Part I: Role Impression Tasks
The cognitive complexity assessment is the first task, and it requires the participant to think of two people that he or she knows well on a personal level: one liked, and one disliked. The participant must then describe first the liked and then the disliked person in as much detail as possible, ignoring physical characteristics and focusing instead on the person's character, personality, behavior, etc. Participants are instructed to take no more than 5 minutes on each impression. These impressions are then scored in terms of their complexity using a standard scoring procedure. The result is a cognitive complexity score for each participant.7,8
To assess a cognitive complexity score, simply count the number of unique descriptors used in the impressions of the liked and the disliked people. The total number of unique adjectives used, summed across the liked and the disliked impressions, will yield the cognitive complexity score for that person. Sometimes it is not obvious where to draw the boundary, or whether a description should count as one or two concepts. The rule is to err on the side of more rather than fewer concepts; if in doubt, please count the additional concept.
Part II: Role Scenario Tasks
The second part of the CAQ identifies messages that reflect the highest level of communication skill.

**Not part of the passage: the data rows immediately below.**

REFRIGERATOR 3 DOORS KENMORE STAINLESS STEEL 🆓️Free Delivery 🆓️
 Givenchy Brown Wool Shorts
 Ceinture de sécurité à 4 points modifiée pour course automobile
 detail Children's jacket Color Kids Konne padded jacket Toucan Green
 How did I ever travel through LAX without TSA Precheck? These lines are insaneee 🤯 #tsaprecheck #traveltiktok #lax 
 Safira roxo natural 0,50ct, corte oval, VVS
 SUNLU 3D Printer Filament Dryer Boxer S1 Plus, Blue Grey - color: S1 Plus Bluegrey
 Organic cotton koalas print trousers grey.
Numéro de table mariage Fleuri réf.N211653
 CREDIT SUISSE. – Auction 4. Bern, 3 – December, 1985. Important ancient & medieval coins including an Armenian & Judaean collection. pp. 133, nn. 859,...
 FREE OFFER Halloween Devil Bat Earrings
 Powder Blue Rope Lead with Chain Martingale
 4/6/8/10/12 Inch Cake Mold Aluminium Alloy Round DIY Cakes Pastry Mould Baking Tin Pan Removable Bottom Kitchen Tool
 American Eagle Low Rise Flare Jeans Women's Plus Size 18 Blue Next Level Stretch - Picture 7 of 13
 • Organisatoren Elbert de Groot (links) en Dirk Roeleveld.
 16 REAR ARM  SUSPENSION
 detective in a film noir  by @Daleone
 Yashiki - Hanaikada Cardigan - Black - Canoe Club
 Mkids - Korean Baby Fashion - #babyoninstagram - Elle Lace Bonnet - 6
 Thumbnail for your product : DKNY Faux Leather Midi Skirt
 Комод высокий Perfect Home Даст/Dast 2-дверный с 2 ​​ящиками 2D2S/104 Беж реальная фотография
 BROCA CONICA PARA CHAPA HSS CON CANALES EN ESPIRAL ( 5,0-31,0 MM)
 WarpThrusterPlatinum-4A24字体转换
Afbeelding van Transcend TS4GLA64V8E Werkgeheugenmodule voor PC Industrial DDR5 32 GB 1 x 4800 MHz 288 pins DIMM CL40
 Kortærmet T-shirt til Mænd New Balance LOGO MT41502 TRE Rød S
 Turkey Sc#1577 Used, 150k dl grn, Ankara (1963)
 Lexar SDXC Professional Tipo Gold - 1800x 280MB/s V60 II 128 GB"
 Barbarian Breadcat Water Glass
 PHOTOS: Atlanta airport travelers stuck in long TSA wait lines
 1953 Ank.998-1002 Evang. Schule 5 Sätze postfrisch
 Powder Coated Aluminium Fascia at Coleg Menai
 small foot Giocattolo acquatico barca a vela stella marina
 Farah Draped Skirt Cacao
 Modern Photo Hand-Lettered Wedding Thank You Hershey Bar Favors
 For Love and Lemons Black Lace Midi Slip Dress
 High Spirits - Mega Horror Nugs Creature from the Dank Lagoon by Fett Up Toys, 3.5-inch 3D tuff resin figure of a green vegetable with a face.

Message design refers to the process that people use to perceive the relevant goals in a situation and to then convey messages that will achieve those goals.a The type of message design someone employs will show how effectively a person relays his or her intended message.
To make this assessment, ask each participant to read two hypothetical communication scenarios (a group project scenario and a disclosure scenario) and write down exactly what they would say in that situation. Then apply a standardized scoring procedureb to the messages to identify participants with the highest level of communication skill.
Data Preparation and Logistics
To prevent scores on one section of the assessment from influencing scores on another section of the assessment, review and score all responses for Part I separately from Part II. Then score as described below, and enter the scores into the spreadsheet for further analysis.
Reporting Feedback to Participants
Once all of the responses are scored, rank all of the participants from highest to lowest based on their scores for Parts I and II, respectively. A template for sharing responses with participants is found in Appendix 3.
1 Research indicates that there are at least three "message design logics" commonly used by communicators, and these correspond to progressively higher levels of communication competence. From least to most competent, these are the expressive, conventional and rhetorical message design logics.
2 The overall Approach to Scoring the Group Project and Harm Disclosure Situations is very similar to scoring Cognitive Complexity. Count concepts individually, and compare written responses with the examples noted in Appendix 3 and 4 to identify what type of message design logic participants will exhibit.